My point is simply this: Years from now when historians examine the first decade of the twenty-first century, my sense is that the way our brains assimilate and digest information in the digital age will be as noteworthy as a decade in Afghanistan, the war on Al-Qaeda, or the Red Sox ending their long World Series drought and winning the big prize twice.
September 11, 2001, however, the awful day itself, will always be at the core of our thinking. Make no mistake: 9/11 was a wrenching game-changer. People died. And they died horribly.
And then there are the American soldiers and members of the National Guard who have since given their lives nobly in Iraq and Afghanistan – and the many thousands more who have been crippled or traumatized or scarred. There are the New York City firefighters and rescue workers whose heroism has left them chronically ill. They have all served selflessly and we should be proud.
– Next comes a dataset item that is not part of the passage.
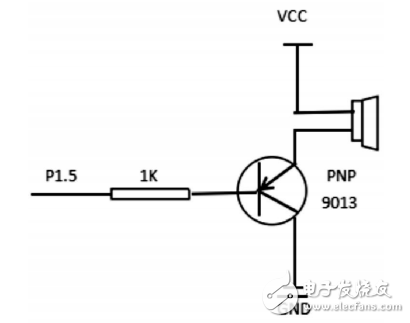 基于HX711的高精度電子秤的設(shè)計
Which brings me back to memory. The two words, “Never forget,” are associated with 9/11. On some occasions, they have been the basis for the sort of xenophobia that makes for an offensive t-shirt or – far worse – this year’s demeaning Congressional hearings on the “radicalization” of Muslims. But most of the time, the two words have anchored deeply affecting tributes. I have always found it interesting how the sit-com, “Friends,” approached 9/11. The series was set in the West Village, at the corner of Bedford and Grove Streets. The fictional characters could have seen the towers pancake into the earth; they would have been draped in the tsunami of dust that followed. But the producers chose not to mention the attack in the episodes that aired in 2001 and 2002. (They even deleted a scene in which Chandler Bing jokes about blowing up a plane as he passes through airport security.) But there is one episode in which Joey Tribbiani wears a t-shirt with the Fire Department of New York logo and the name of a firefighter who died that day at Ground Zero. I find the understatement of that gesture moving.
Where will we be ten years from today? (Please, not Afghanistan.) Your guess is as good as mine. But I assure you: None of us will have forgotten where we were on 9/11.